(Brief descriptive captions)
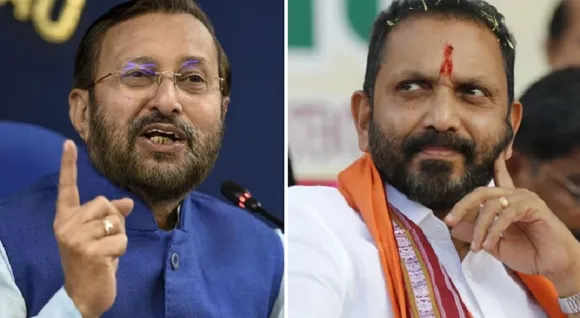 prakash javedekar surendran.jpeg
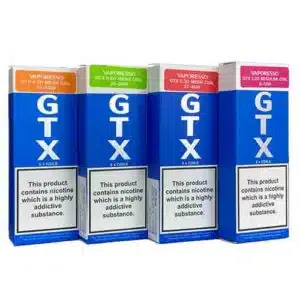 GTX كويلات فابورسو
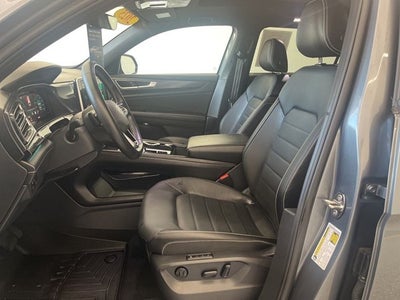 2025 Volkswagen Atlas Cross Sport 2.0T SEL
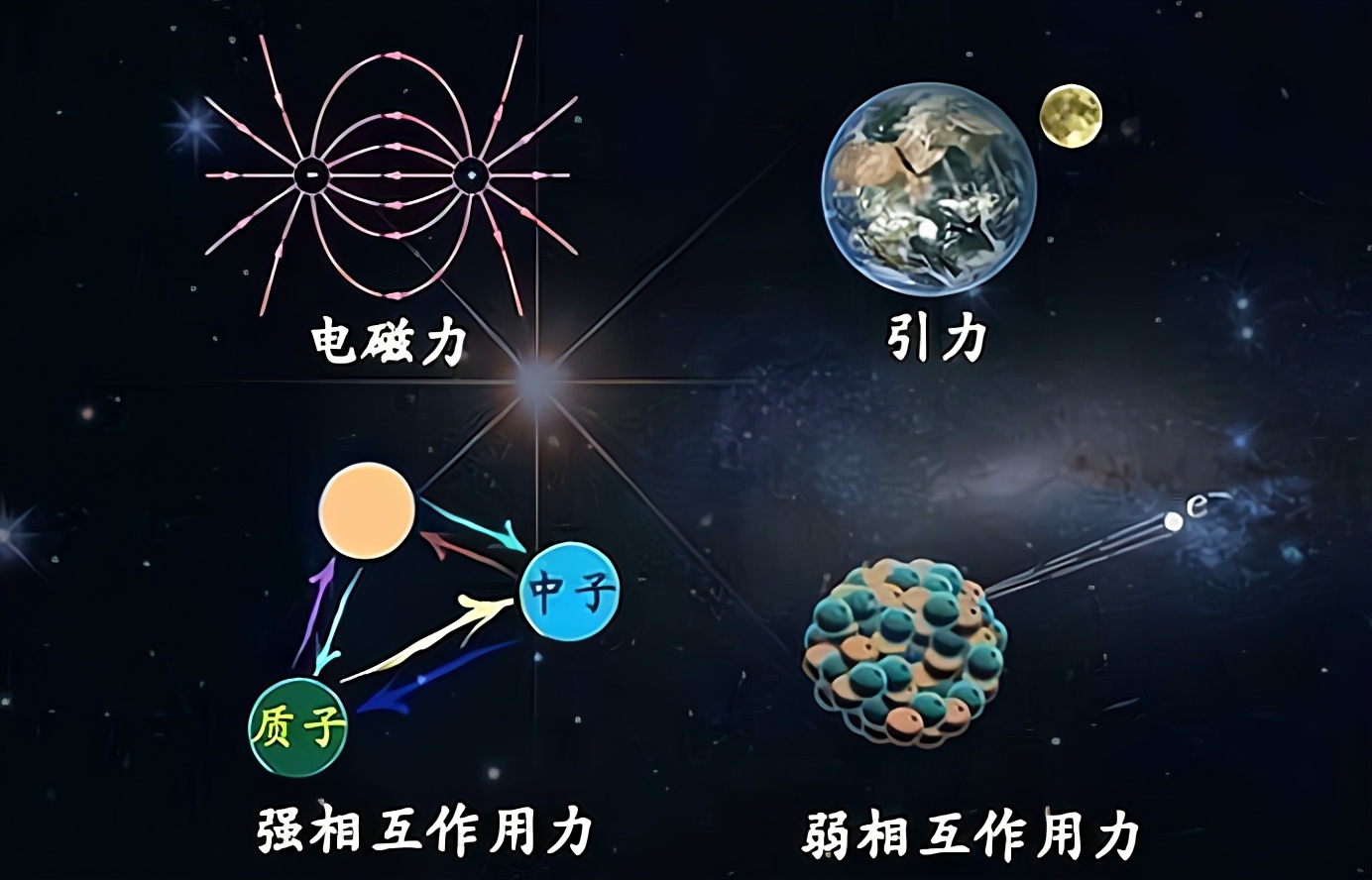 双缝干涉实验为什么让科学家震惊,我们到底知道多少双缝干涉实验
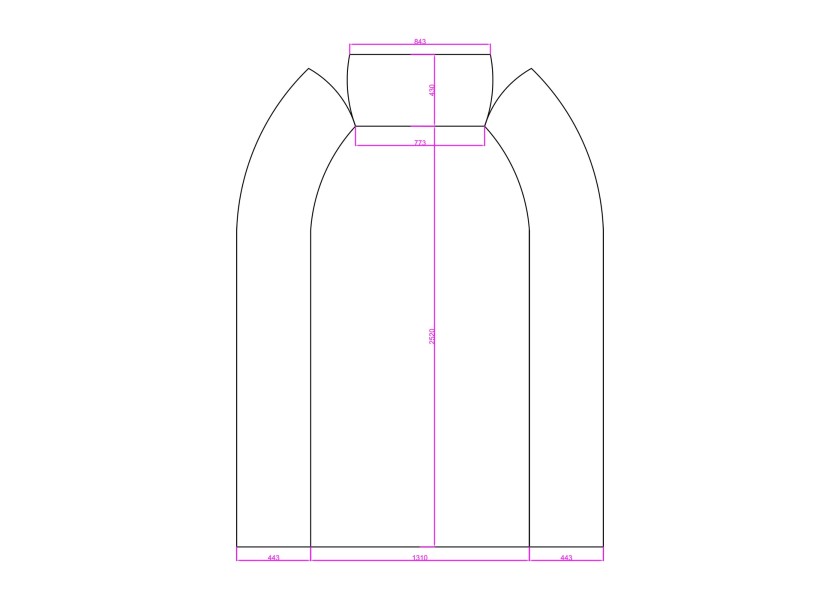 Купить SEATEC Tarpaulin Cover for AEROSTAR 265/AEROTEND 260/DOLPHIN 270 / 295x220cm 55741-bvs 7ft.ru в интернет магазине Семь Футов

● ACTION ITEM:
Write out exactly the lines from the line holding "GTX كويلات فابورسو" through the last line of the records above, inclusive, and nothing more. Leave out the pictures.

● RESPONSE TO THE EXERCISE:
 GTX كويلات فابورسو
 2025 Volkswagen Atlas Cross Sport 2.0T SEL
 双缝干涉实验为什么让科学家震惊,我们到底知道多少双缝干涉实验
 Купить SEATEC Tarpaulin Cover for AEROSTAR 265/AEROTEND 260/DOLPHIN 270 / 295x220cm 55741-bvs 7ft.ru в интернет магазине Семь Футов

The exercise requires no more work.